» Work to be completed:
Begin at the line containing "대전지역 교원들이 한국원자력연구원" in the records below, end at the line containing "Queen Room - Disability", and retype each line in that span exactly. No other line and no image should appear.

» Data for this exercise:
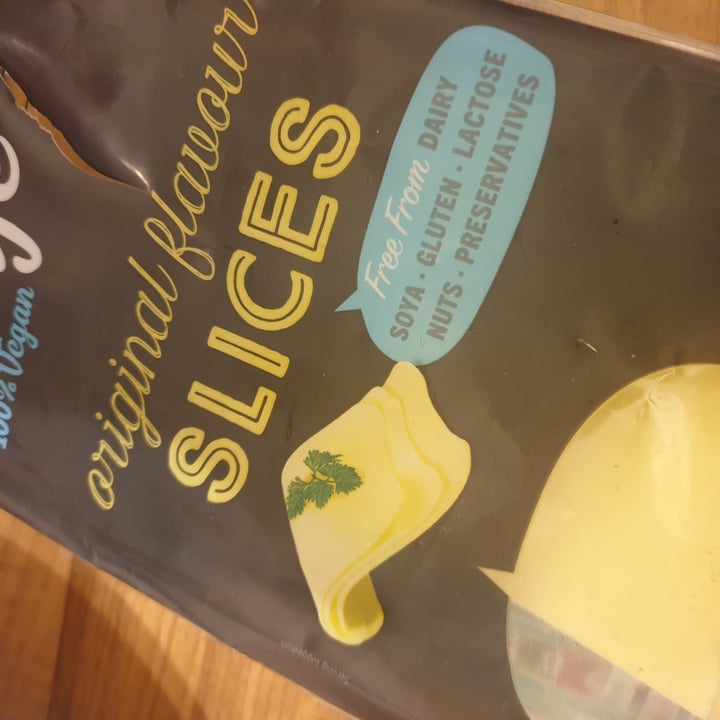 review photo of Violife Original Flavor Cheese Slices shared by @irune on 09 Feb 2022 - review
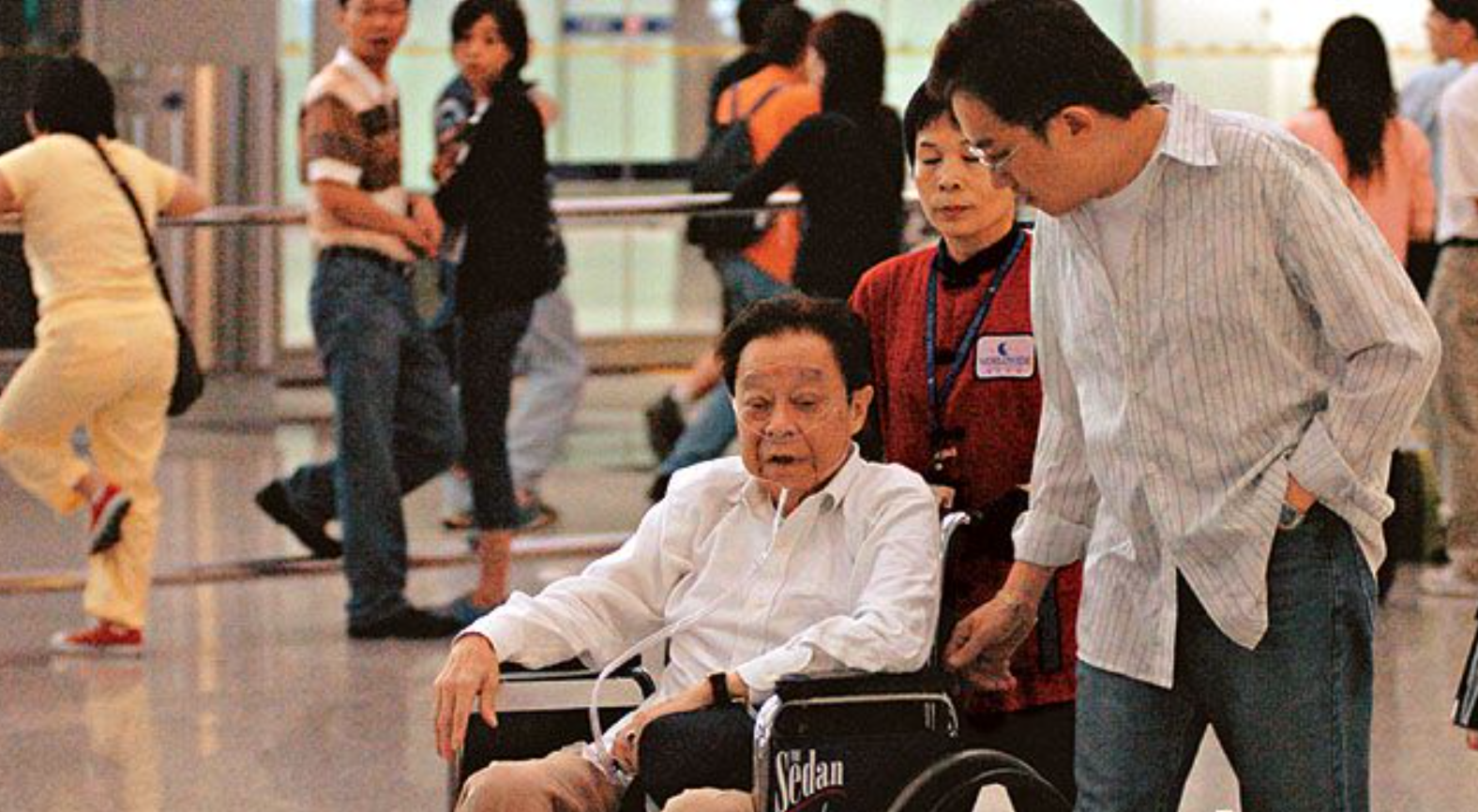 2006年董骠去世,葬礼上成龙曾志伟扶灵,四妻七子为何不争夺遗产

--

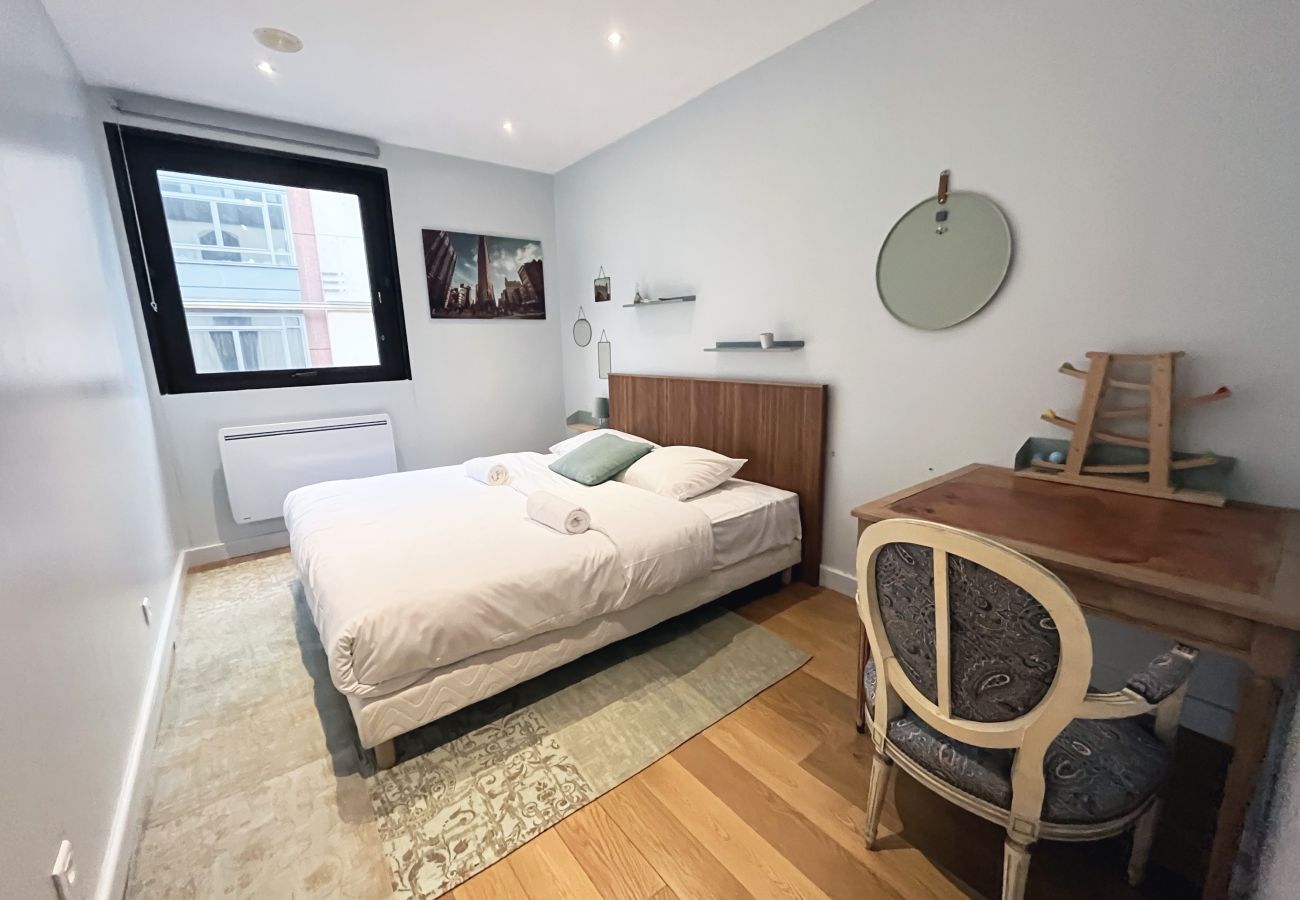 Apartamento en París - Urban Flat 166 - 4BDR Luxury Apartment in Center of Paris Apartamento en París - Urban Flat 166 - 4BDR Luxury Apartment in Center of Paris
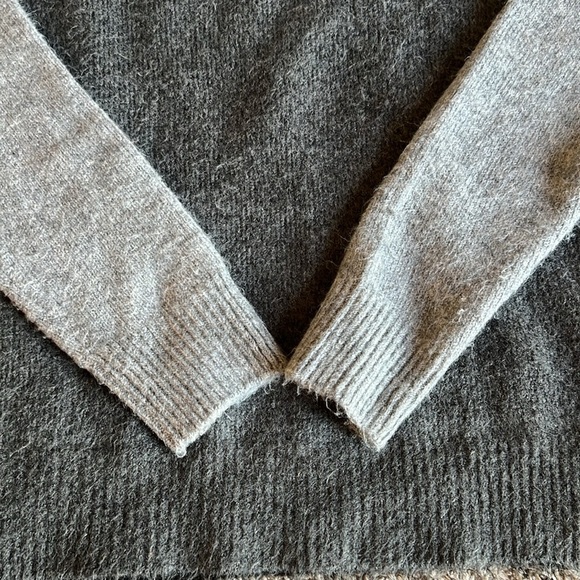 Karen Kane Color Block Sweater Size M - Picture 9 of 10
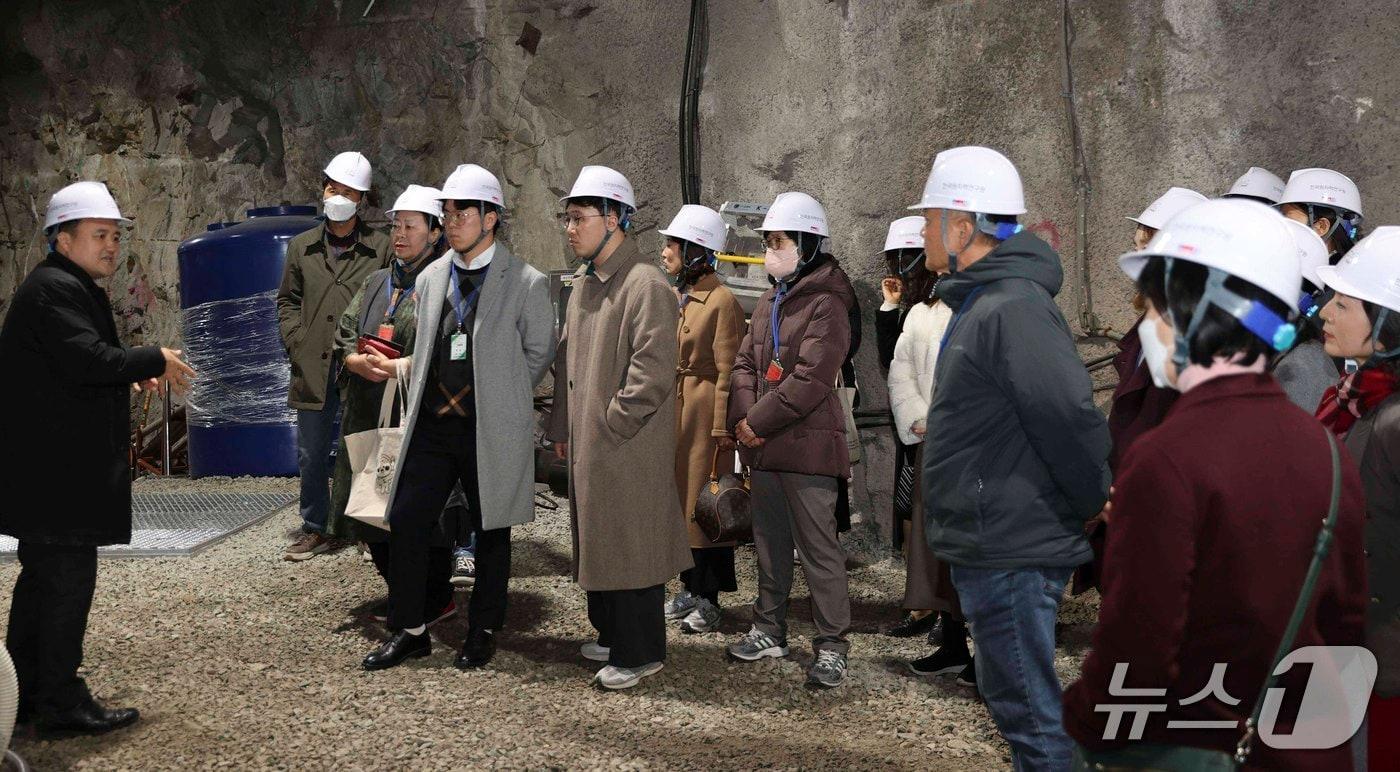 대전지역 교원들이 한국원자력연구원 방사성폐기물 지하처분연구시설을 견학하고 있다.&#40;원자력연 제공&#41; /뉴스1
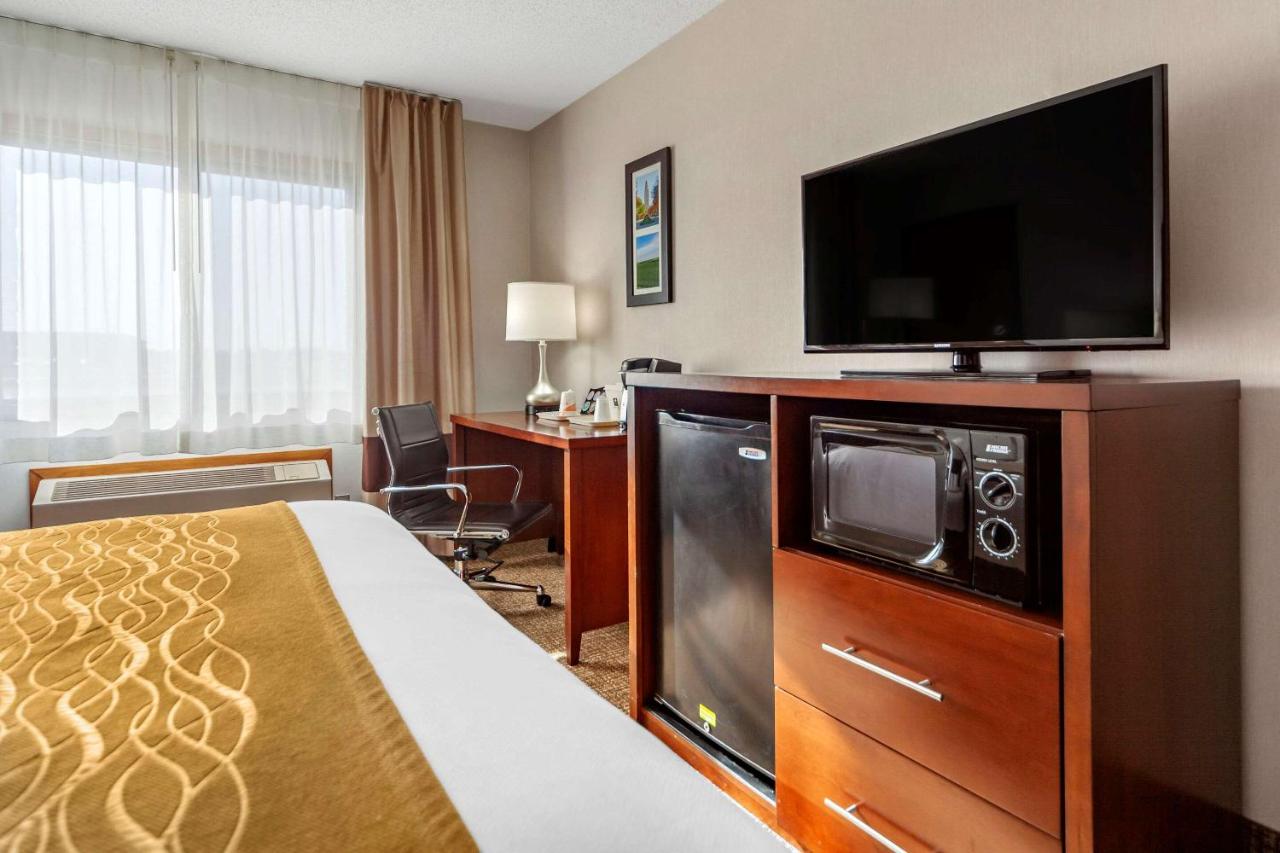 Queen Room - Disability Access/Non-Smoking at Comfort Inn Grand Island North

* * *

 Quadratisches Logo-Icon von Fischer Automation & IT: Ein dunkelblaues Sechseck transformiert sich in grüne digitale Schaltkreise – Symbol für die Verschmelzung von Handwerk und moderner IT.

» Answer section:
 대전지역 교원들이 한국원자력연구원 방사성폐기물 지하처분연구시설을 견학하고 있다.&#40;원자력연 제공&#41; /뉴스1
 Queen Room - Disability Access/Non-Smoking at Comfort Inn Grand Island North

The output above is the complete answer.